On Orkney, the Shetlands, the Isle of Man and the Channel Islands post-16 education is available locally. And incredibly even children from the Falkland Islands, 8,000 miles from the UK, have all their travel and accommodation funded.
Under the Education and Skills Act 2008 the law requires children to stay in education until the end of the academic year in which they turn 18.
Mrs Mallon, who was born on the Isles of Scilly, revealed she and a group of parents are now launching a bid to raise £10,000 to launch legal proceedings against the local council by mid-December.
As part of this fundraising drive Mrs Mallon intends to shave off all her lovely long silver hair so she “look councillors in the eye” showing them how much it means to her.
She added: “My hair will grow back, and I’ve got broad shoulders, but I want them to see me. I’m driving my taxi in the daytime and making chocolate at night to fund my son’s education and keep him safe and happy and help him excel whilst the council are refusing to help.
“I am going to be delighted with my bald head and them all having to look at me. If I don’t do this we lose our right to appeal and they’ve got away with it.
“We’ve not had a holiday for three years because we knew this was coming, there are some people who just can’t raise the money.”
Mrs Mallon has vowed to shave off her silver hair to raise money to challenge the council
Fellow parent and islander Lynn Blackwell is a mum of twins, Tom and Maddie, 17, and said by the end of next year she and her fisherman husband will “have spent around £40,000 of savings and money I haven’t earned or borrowed yet” funding her children’s education.
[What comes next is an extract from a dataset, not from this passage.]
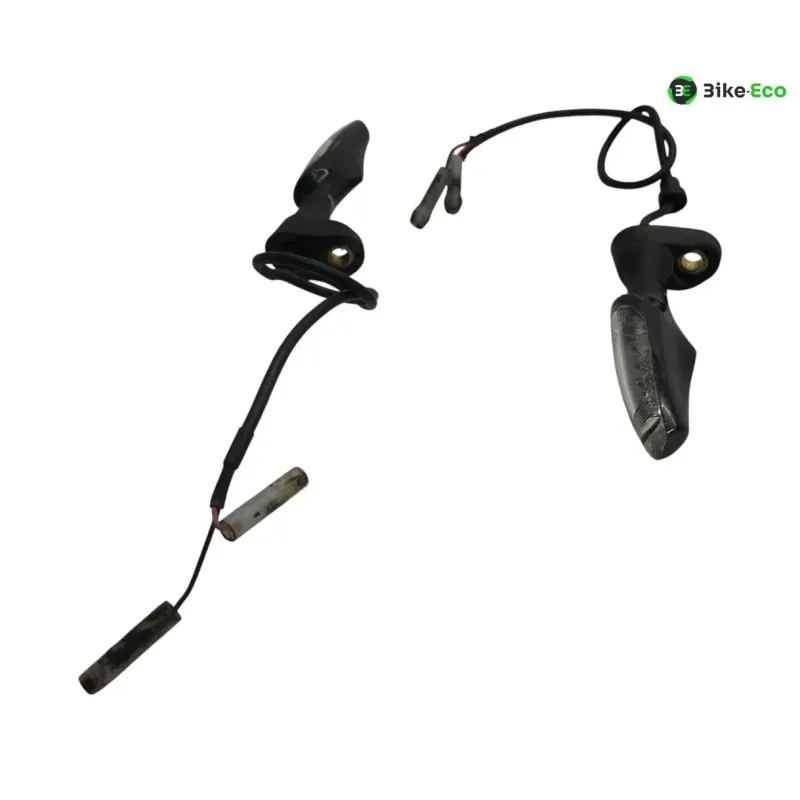 Clignotants avant TRIUMPH STREET TRIPLE S 660 2017-2019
Mrs Blackwell, who runs the family timber merchants, said: “I feel very wronged that I have paid income tax which funds education but here I am having to fight for all the children on the islands right to receive free education or access to it.
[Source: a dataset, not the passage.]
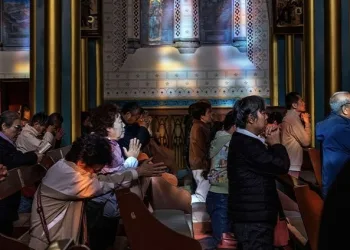 China intensifica repressão religiosa e demole igreja protestante após recusa em seguir ordens do governo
“It is wholly wrong and our voices have had to become very loud now to try and get the Government to listen and put it right.
“Whilst we are focussing on this and saving hard, our children are missing out on family holidays and our time is spent working to earn the money – I have a timber merchant shop, my husband is a commercial fisherman, and we have a holiday let but everything is going to pay for post 16 boarding and travel.
“We don’t know why we are not being funded, no one has been able to tell us.”
A spokesperson for the Isles of Scilly Council said the authority made a statement on October 29 in which it said it “does not have a responsibility to fully fund all costs associated with post-16 provision but in uplifting the Education and Skills Funding Agency (ESFA) grant from £6,350 to £8,000 for this academic year the Council believes that the £8,000 is close to covering the majority of costs associated with a host family solution”.
The Isles of Scilly is unique among island populations in the UK for education funding for kids
A spokesperson told Express.co.uk: “The Council’s current position on the provision of services to which your query relates is as set out in the statement made on 29 October 2024.
“The Council is currently taking the steps as approved at the Full Council meeting on 17 September 2024 and continues to work with the parents and young people in post 16 education and training, its members, local MP, Government and other partners and stakeholders as part of its drive to continuously improve its services.”
A DfE spokesperson said: “This government has a driving mission to break down barriers to opportunity.
“We are committed to ensuring our post-16 education system gives young people the best life chances.
“The department is aware of the situation on the Isles of Scilly, and has provided support to Isles students for some time and we will announce available future support for students from the Isles in due course.”